• **EXERCISE REQUIREMENTS**
From the listing below, retype exactly the line holding "img 4 attached", the line holding "Rechargeable camping fan", and the lines between them; skip everything else.

• **PROVIDED DATA**
[Start of section]
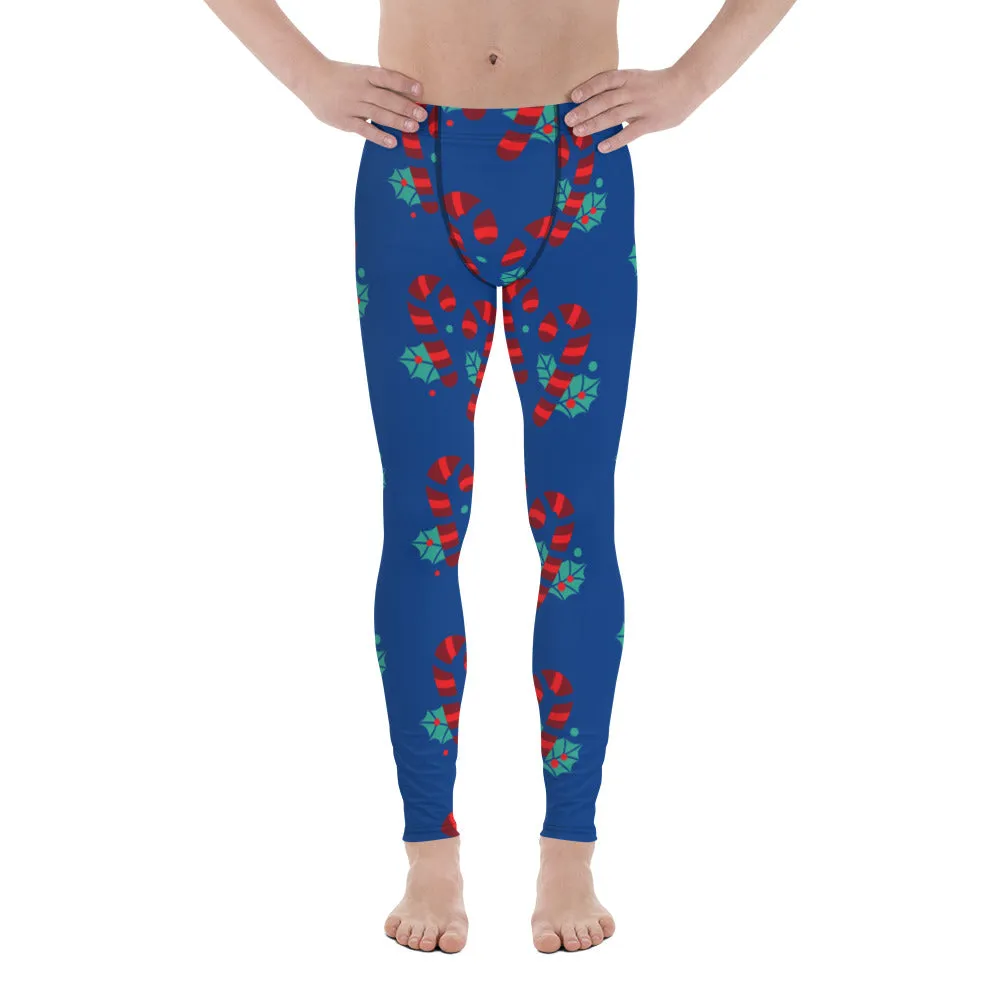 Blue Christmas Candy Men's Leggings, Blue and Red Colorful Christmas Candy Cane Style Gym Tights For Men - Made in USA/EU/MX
[End of section]
[Start of section]
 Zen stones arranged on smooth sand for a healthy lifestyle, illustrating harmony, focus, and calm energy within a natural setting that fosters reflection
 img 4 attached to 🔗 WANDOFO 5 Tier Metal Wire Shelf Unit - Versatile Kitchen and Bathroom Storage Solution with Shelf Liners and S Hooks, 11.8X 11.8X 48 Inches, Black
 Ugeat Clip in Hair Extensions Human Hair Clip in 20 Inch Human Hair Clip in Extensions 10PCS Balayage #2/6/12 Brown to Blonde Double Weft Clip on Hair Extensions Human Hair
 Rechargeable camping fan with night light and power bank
[End of section]
• **EXPECTED ANSWER**
 img 4 attached to 🔗 WANDOFO 5 Tier Metal Wire Shelf Unit - Versatile Kitchen and Bathroom Storage Solution with Shelf Liners and S Hooks, 11.8X 11.8X 48 Inches, Black
 Ugeat Clip in Hair Extensions Human Hair Clip in 20 Inch Human Hair Clip in Extensions 10PCS Balayage #2/6/12 Brown to Blonde Double Weft Clip on Hair Extensions Human Hair
 Rechargeable camping fan with night light and power bank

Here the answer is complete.